Influencing Influencer Marketing

WOMMA Influencer Guidebook 2013

WOMMA's new guidance on influencer marketing begins with the assertion: "This is not an update to the 2008 WOMMA Influencer Handbook - this is a complete rewrite ..."

I'm not a WOMMA member but I am a special adviser to AMEC and The Conclave, and it was in this capacity that Brad Fay and I invested more than a few hours with WOMMA's Neil Beam to lend our insight and points of view and, we hope, help make this guidebook the complete rewrite it's turned out to be.

I've expressed Euler Partners' approach to influence in recent posts, notably "Influence - request for comments" (slidestack included below for your convenience), and we were delighted to have the opportunity to present these to the WOMMA team. In particular:

7 billion influencers

There are, I'm told, 7 billion of us on the planet, so there are 7 billion influencers. The new phrase then for those considered to be more influential than others is "key influencer". This may sound like semantics, but behaviour is affected by language. If practitioners don't appreciate the complexity of influence they will be less effective in their consultancy and practice.

A cohort

The mathematicians and data scientists presenting their work at the ACM SIGKDD Conferences on Knowledge Discovery and Data Mining investigate what they call "influence maximisation" (see the slidestack for more information). Importantly, they've discovered that we can't readily attribute one individual with 'having' influence. We can only approach the problem by identifying a cohort of individuals who together may help the influence sought spread further than otherwise.

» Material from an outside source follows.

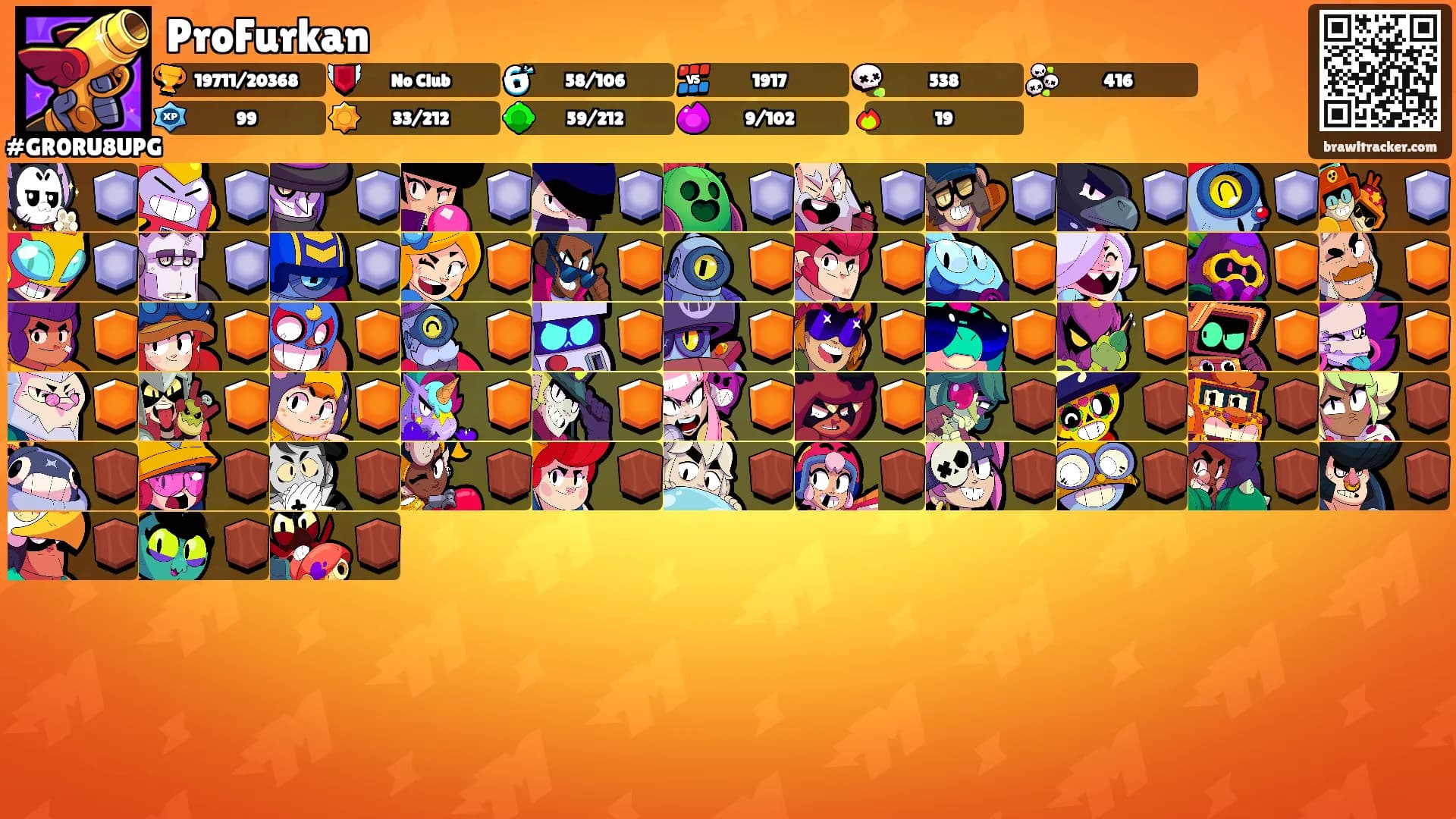 ProFurkan's Ranks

I'm particularly delighted then that there are seven references to "cohort" in the guidance.

Defining influence

We define influence as a change in opinion or behaviour. The guidance proposes: "The ability to cause or contribute to a change in opinion or behavior."

We still defer to our definition because it's the very outcome that so-called influencer marketers seek. Any quantitative attribution of influence being 'possessed' by an individual can only be qualified by looking for this outcome. This distinction has been recognised in the guidance however, and appropriately so:

"There are two distinct states of influencer measurement that are relative to the point in time an influencer marketing program begins: 1. The potential to influence (before); 2. Actual, observed influence (during/after)."

Reciprocity

So far so brilliant then. Yet we believe one thing is missing from the guidance, and from our experience of working with marketing practitioners and those intent on the excellence model of PR, this omission characterises the different emphases of the two disciplines.

We have a mantra: to influence better, be influenced better.

This reciprocity is not blatantly recognised let alone promoted in the guidance. The nearest thing to it comes in the listing of five key ethical principles: trust, integrity, respect, honesty, responsibility. You could argue that to build trust and demonstrate respect requires working as hard at being influenced by those that matter to you as trying to influence them. We think our mantra should stand alone from a pure effectiveness perspective however, and perhaps we can continue to exert influence as and when the guidance is next up for revision.